Robert Bolling (August 17, 1738 - July 21, 1775) was an American planter, poet and politician.

==Early life and education==
Born to the former Elizabeth Blair (daughter of Archibald Blair) and her husband John Bolling (1700-1757) at Varina plantation in Henrico County, Virginia. His father at various times served as burgess for Goochland County, Hnerico County and Chesterfield County. His elder half brother John represented Goochland county and later Chesterfield County. In 1751, his father sent the 13-year old across the Atlantic Ocean for his education at the Free Grammar School of Queen Elizabeth in Wakefield, England. Beginning in 1755 young Bolling studied law at the Middle Temple. However, he returned to Virginia to complete his legal studies under Benjamin Waller at the colony's capital in Williamsburg. He had at least two brothers, Edward Bolling (who died in 1770) and Archibald Bolling (who later sued him over Edward's estate). Complicating matters, he had several contemporary relatives of the same name, including one who represented Dinwiddie County in the House of Burgesses beginning in 1756 and again beginning in 1765, and another who married the widow of John Bland in 1779.

==Personal life==
For most of 1760, Bolling courted Anne Miller, a distant cousin, but she sailed to Scotland with her father and later married Sir Peyton Skipwith. In 1763, Bolling married Mary Burton of Northampton County (1749-1764), but she died two days after giving birth to their daughter. He then in 1765 married Susanna Watson of Amherst County, who bore two sons and two daughters.

==Career==
Upon his father's death in 1757, Bolling inherited his father's Cobbs plantation in Chesterfield County and lived there while building a house he called Chellowe, further west in the part of Albemarle County that became Buckingham County, Virginia in 1761. Both were tobacco plantation operated with slave labor.

Bolling was known for his language skills, and also received an award of 50 pounds sterling a year from the House of Burgesses in 1773, perhaps based on an essay about wine making which was published in Purdie and Dixon's Williamsburg Virginia Gazette on February 25, 1773. Though Bolling published at least 35 poems in British periodicals during his lifetime, more poetry than any other American colonist at the time, most of his works remained in manuscript, and remain unpublished to this day. Williamsburg newspapers published much of his poetry, including one acknowledging the arrival of Lord Botetourt to become the colony's governor in 1768, and another on the deaths of Virginia militiamen at the Battle of Point Pleasant in 1775. Bolling wrote poetry in Italian, French and Latin as well as English. A later Robert Bolling (descendant of his brother) also translated and published in a family history entitled A Memoir of a Portion of the Bolling Family in England and Virginia; it was originally written in French.
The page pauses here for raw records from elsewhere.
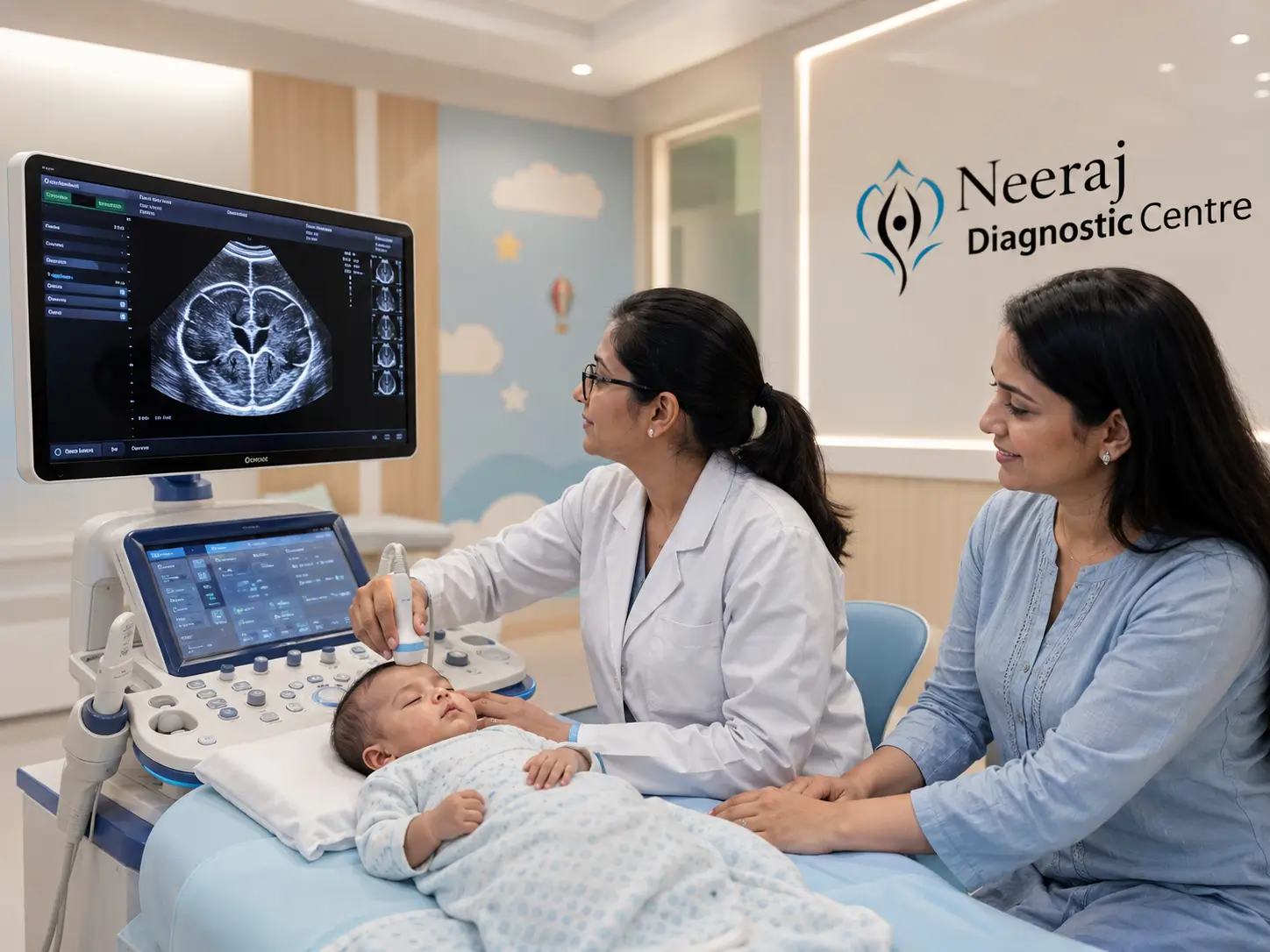 Infant Brain Ultrasound (Neurosonogram) in Kirti Nagar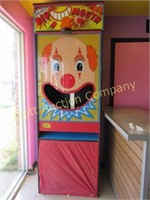 Big Mouth Clown Carnival arcade game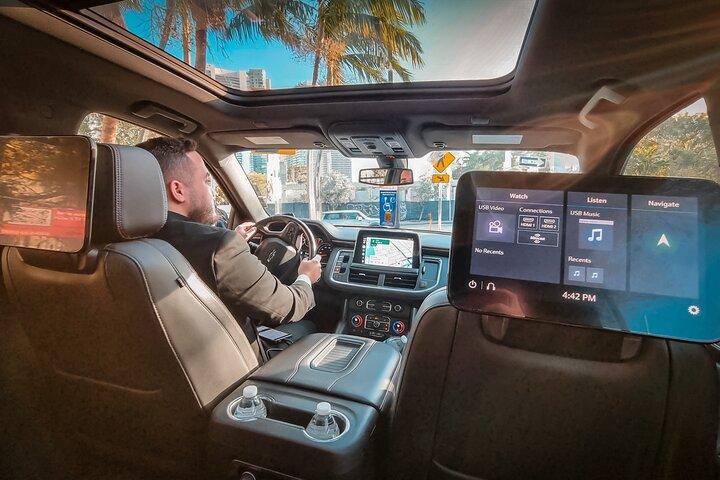 Private Transfer To/From Miami Intl Airport & Port of Miami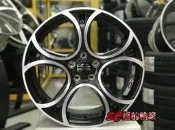 【超前輪業】全新 義大利 正品 OZ SH96 WAVE 17吋鋁圈 5孔114.3 5孔112 5孔100 5孔108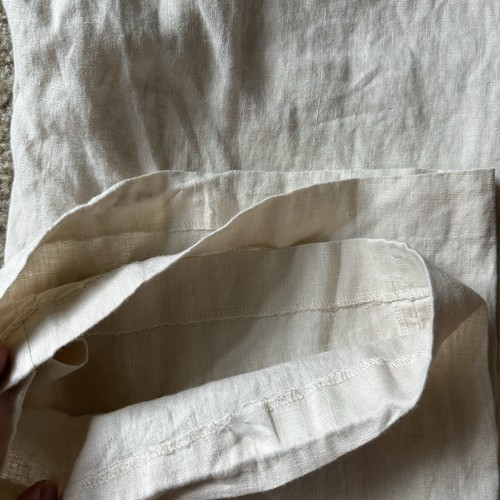 Pantalone donna Brooks Brothers taglia 14 100% lino leggero estivo foderato - Foto 7 di 15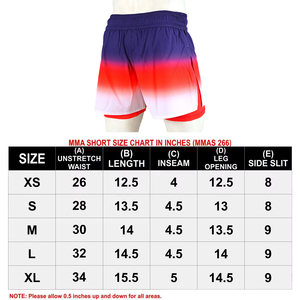 Shorts de combat personnalisables sublimés pour BJJ, grappling, MMA, boxe – Hommes et femmes – Tenue d'arts martiaux unique, séchage rapide, respirant - Product Image 6
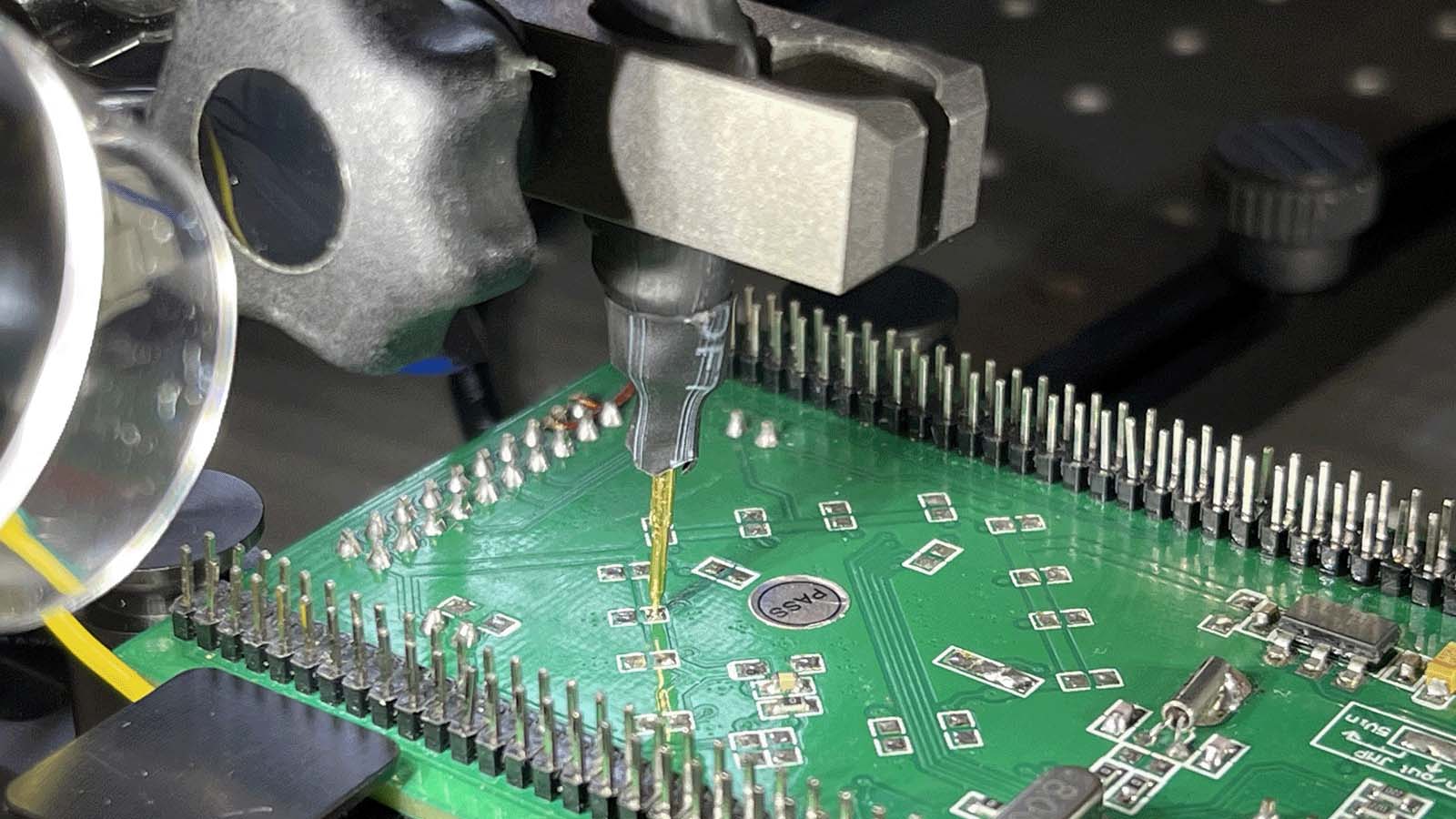 Fault injection testing for device security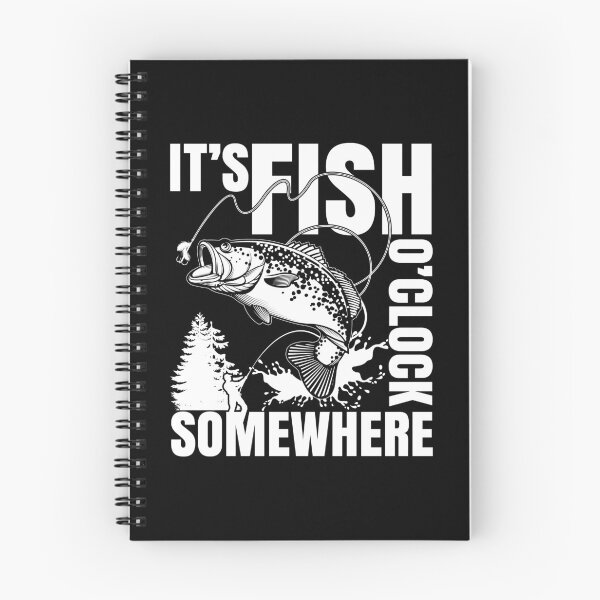 Item preview, Funny Fish O'Clock design. designed and sold by blive.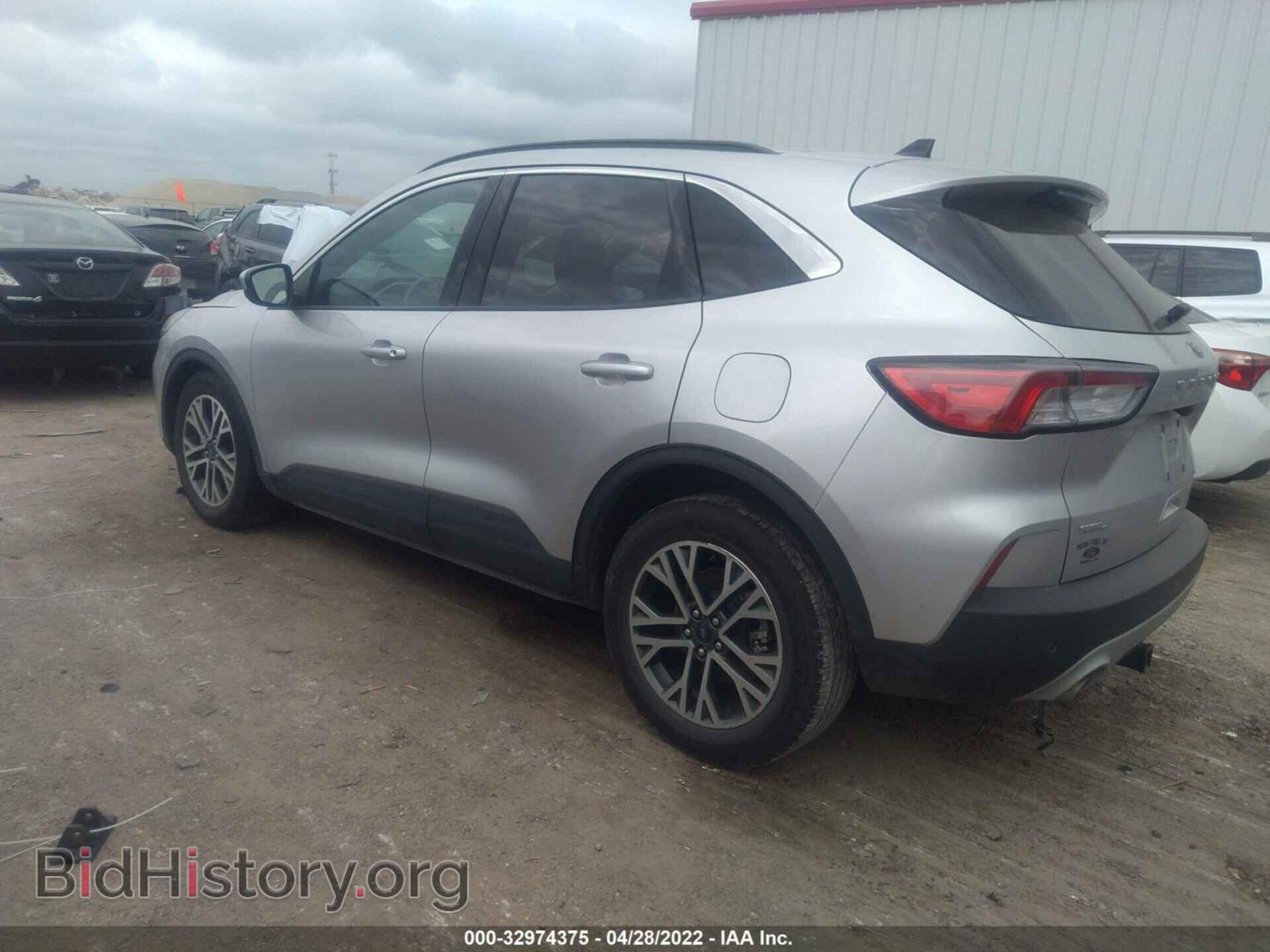 2020 FORD ESCAPE - VIN: 1FMCU0H69LUA68655 - Photo 3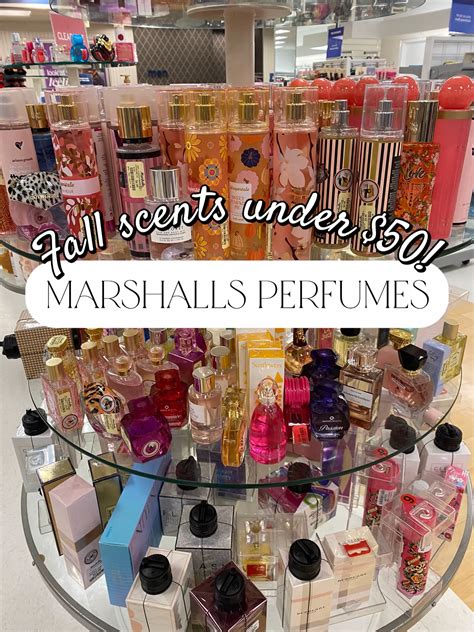 marshalls perfumes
Bolling was one of newly created Buckingham County's first two representatives in the House of Burgesses, and by 1774 was the second most senior member of the Buckingham County Court (having served since its creation in 1761). Over his objections, Buckingham voters elected him as the county sheriff in 1765. That may have precluded him from further legislative service, or he may have been defeated for re-election. Bolling had physically left the House of Burgesses before the last 1765 session (famous for Patrick Henry's presentation of the Virginia Resolves against the Stamp Act) in order to travel to Amherst County to marry. Bolling also was involved in controversies, such as satirizing the preaching of Rev. George Whitefield in April 1765 and questioning the General Court's favoritism toward John Chiswell (who was on trial for murder), which led to a libel lawsuit against him by William Byrd (1728-1777) after a grand jury refused to indict Bolling, and both men were jailed after they had agreed to a dual (which was illegal).

Bolling led the county's militia with the rank of colonel by 1773.

==Death and legacy==
When Virginia's governor Lord Dunmore suspended the legislature, Bolling became one of the county's delegates to the Third Virginia Convention held in July–August 1775. Although he was present when the convention convened, he died suddenly four days later, possibly of a heart attack, in Richmond, Virginia. In 1787, his estate was still in existence, with William Newton as overseer, although not tithable, and owned eight enslaved adults and eleven enslaved children, as well as five horses and 25 cattle. His papers are now owned by the University of Virginia and the Huntington Library.